The poker economy is something of a pyramid, built on a base of losing players who just keep pumping money into the system. I expect online poker will shrink when the losers no longer get enough entertainment value for their dollars. However, lots of people continue to play online casino games like craps and roulette, where they simply can't win. Predicting the end of online poker simply because bots can play well is just plain silly.

[Incidentally, there is a lot of mysticism and nonsensical beliefs about No Limit. We could probably have a heads-up No Limit player on par with Polaris in a week or two, if we wanted to put our time into that. And humans play No Limit much worse than they play Limit... But again, multi-player games are a completely different animal.]

Terrence: the bots you were watching were not the strongest in the line-up. In the Tuesday afternoon session, Phil ended up playing one of the weaker bots the majority of the time, due to a bug in the Coach. In the evening, the players were told who they would be facing (Mr. Pink), and that the bot wouldn't be doing any learning of any kind, so they could take a lot of liberties, playing in a highly predictable fashion. They faced the same bot in the first session, and were given the complete information logs to analyze its play and search for weaknesses. We did this for scientific reasons -- we were trying to maximize the amount we learned, rather than trying to maximize our chances of winning the match.

I think Agent Orange is stronger in practice, because its constant aggression makes it harder to find and exploit the gaps. According to the unbiased DIVAT assessment, it outplayed both Phil and Ali in the second session by 0.1 sb/h, which is a pretty hefty chunk. In fact, the analysis indicates that the bots held the edge in play in all four sessions, but there is still quite a lot of noise in the outcome of any one session. The losses may have been largely due to a few big swing hands going the wrong way (e.g. hands where one side folded preflop, while the other saw the flop and won or lost a big pot). The only real result was that neither side won by a significant margin over 4000 hands (2000 duplicate). In other words, the match was inconclusive either way.

I still believe i can grind down any one of the bots in isolation, but that may not be true for very long. Once they can beat me consistently, i believe they will beat anyone, because (a) i'm a very good player (after many years studying and expanding poker theory, my knowledge of the game goes much deeper than anything that has been published), (b) i have a better understanding of the full breadth of possibilities, not just the very narrow view that most human players have, so i'm better equipped to handle anything the bots might derive on their own, and (c) i have inside knowledge of how the bots were built and where the gaps and weaknesses might be. If the bot's skill can overcome all that, then they're welcome to play my chips against any human player.

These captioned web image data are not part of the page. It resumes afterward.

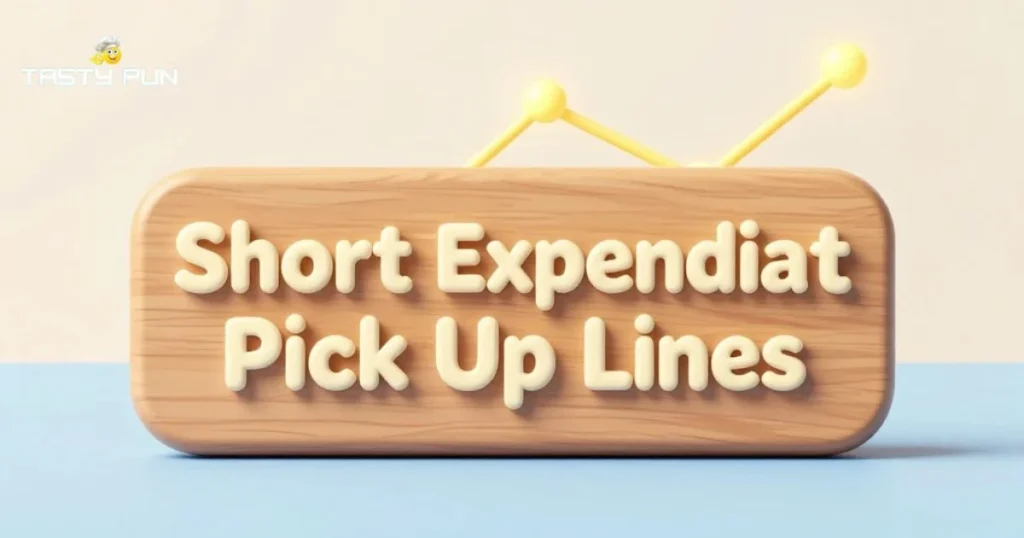 Short Exponential Pick Up Lines
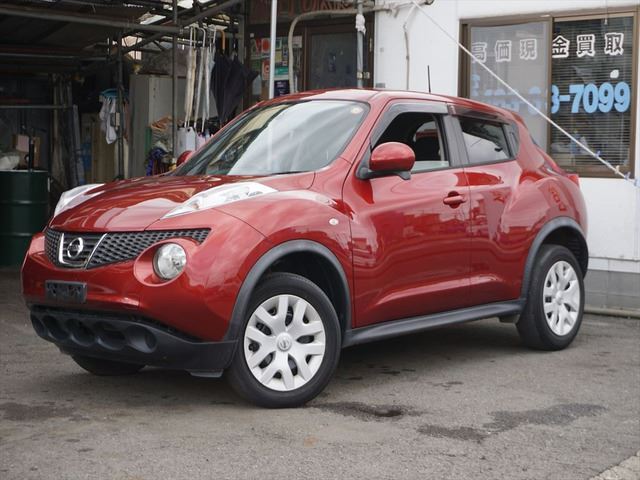 صورة مصغرة 27 لـ 2011 Nissan JUKE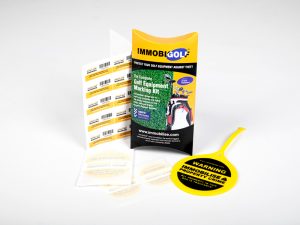 Immobigolf – Will This Put An End To Golf Club Theft?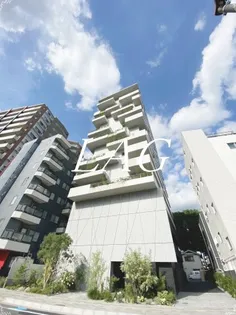 ルーツ新都心【2階】の外観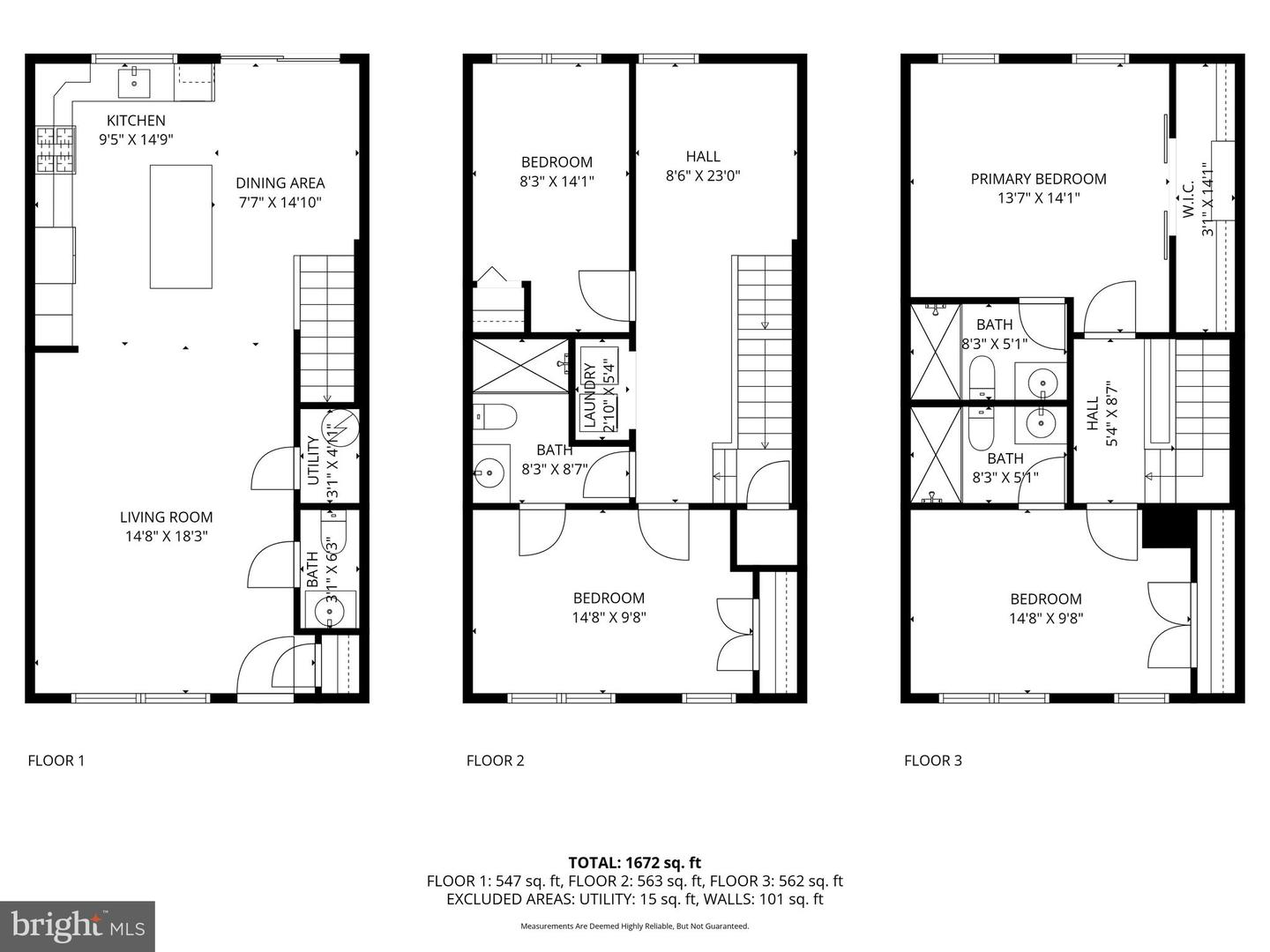 Herndon, Virginia, 20171, United States, 4 Bedrooms Bedrooms, ,4 BathroomsBathrooms,Residential,For Sale,1989077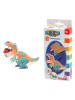 Simba Konstruktionsset "Tyrannosaurus" - ab 5 Jahren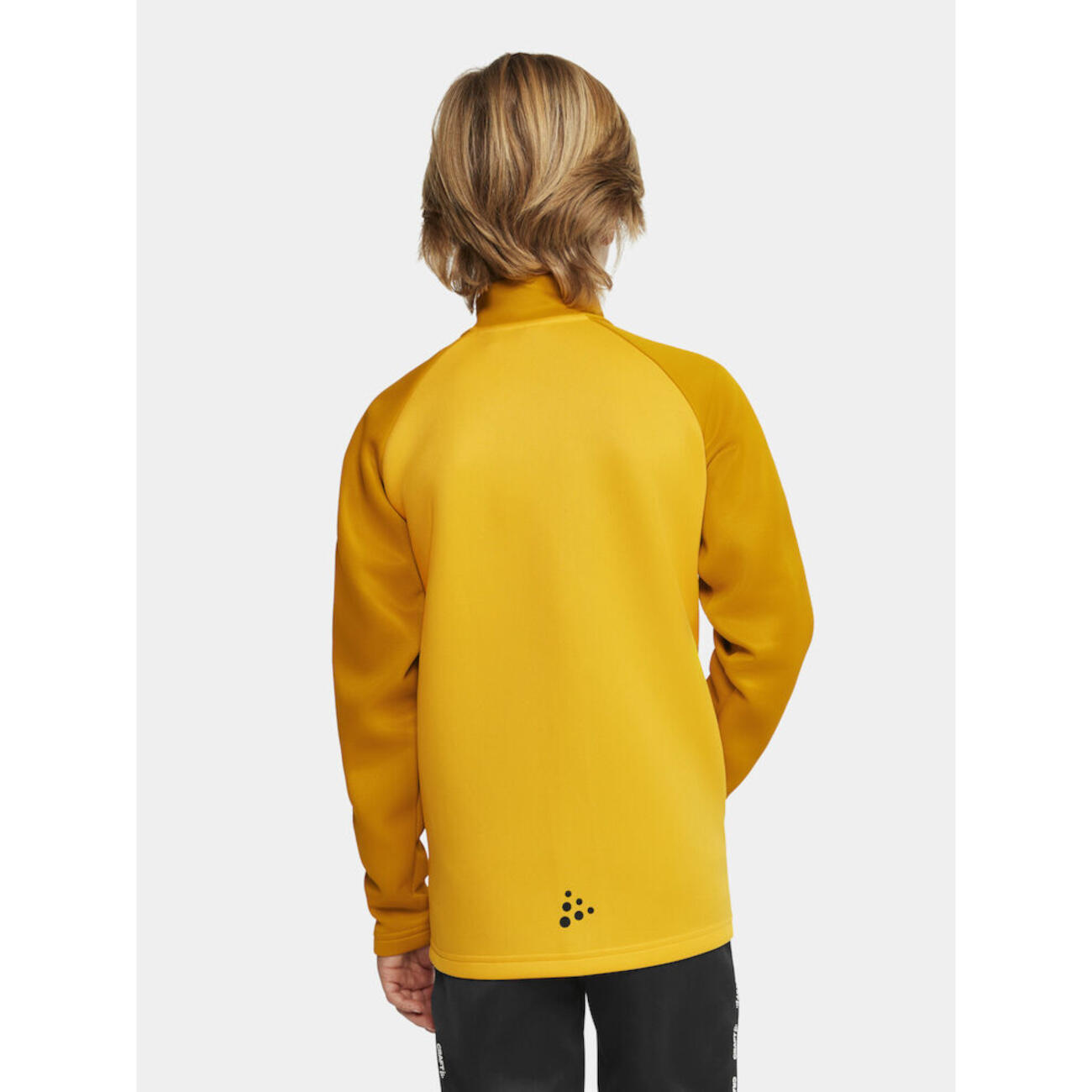Craft Kinder Trainingsjacke SQUAD 2.0 FULL ZIP JR 1912730 5/6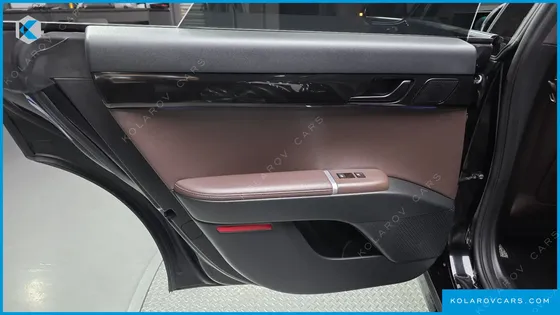 HYUNDAI GRANDEUR EXCLUSIVE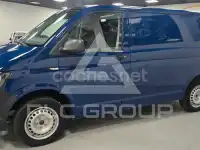 2019 Volkswagen Transporter
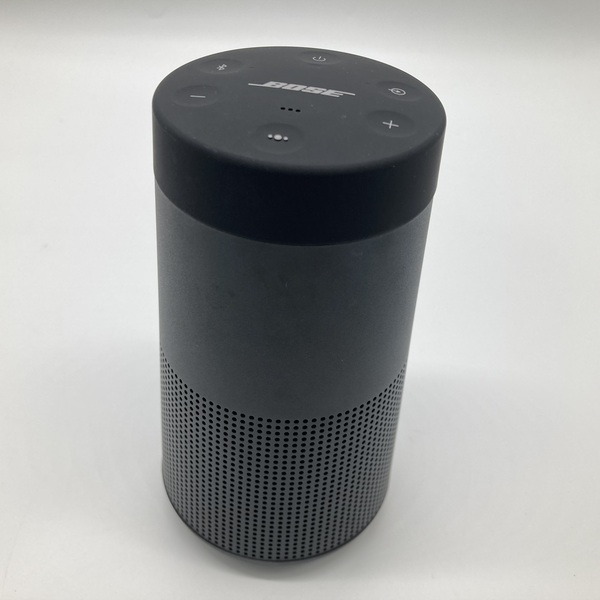 Bose ボーズ 【中古】SoundLink Revolve II トリプルブラック【秋葉原 ...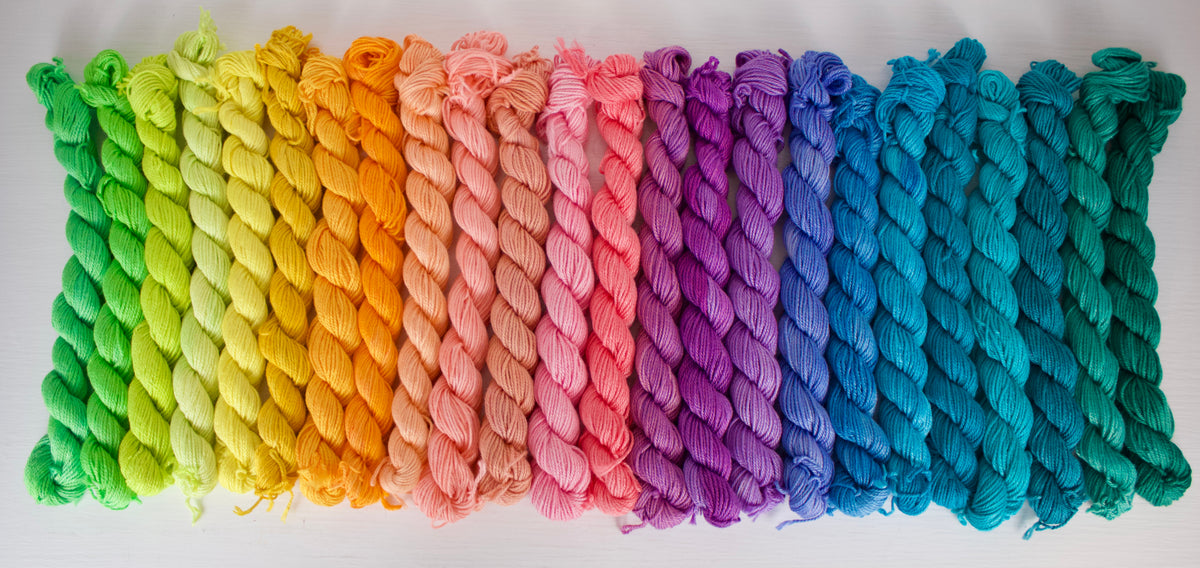 Vegan Yarn + Ambah O'Brien - Festive Kits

Mr. Pink and Agent Orange are now available on Poker Academy Online if you want to spar against them. If you don't have a copy of PA Pro, send me an email and i'll give you a key.

- Darse.

Re: "Does it really matter?

[info]jnala

2007-08-06 11:23 pm (UTC)

Lots of people continue to play online casino games like craps and roulette, where they simply can't win. Predicting the end of online poker simply because bots can play well is just plain silly.

If real-money online poker becomes akin to continually shuffled blackjack - play well and you almost break even, play badly and you lose big, and everyone knows it's a sucker game - I'd call that dead. A few people may play, and sites may still rake a little, but nothing compared to what they do now.

What Polaris's success tells me is that I might not want to focus too narrowly on very-shorthanded limit holdem right now, since it might not have much of a future online.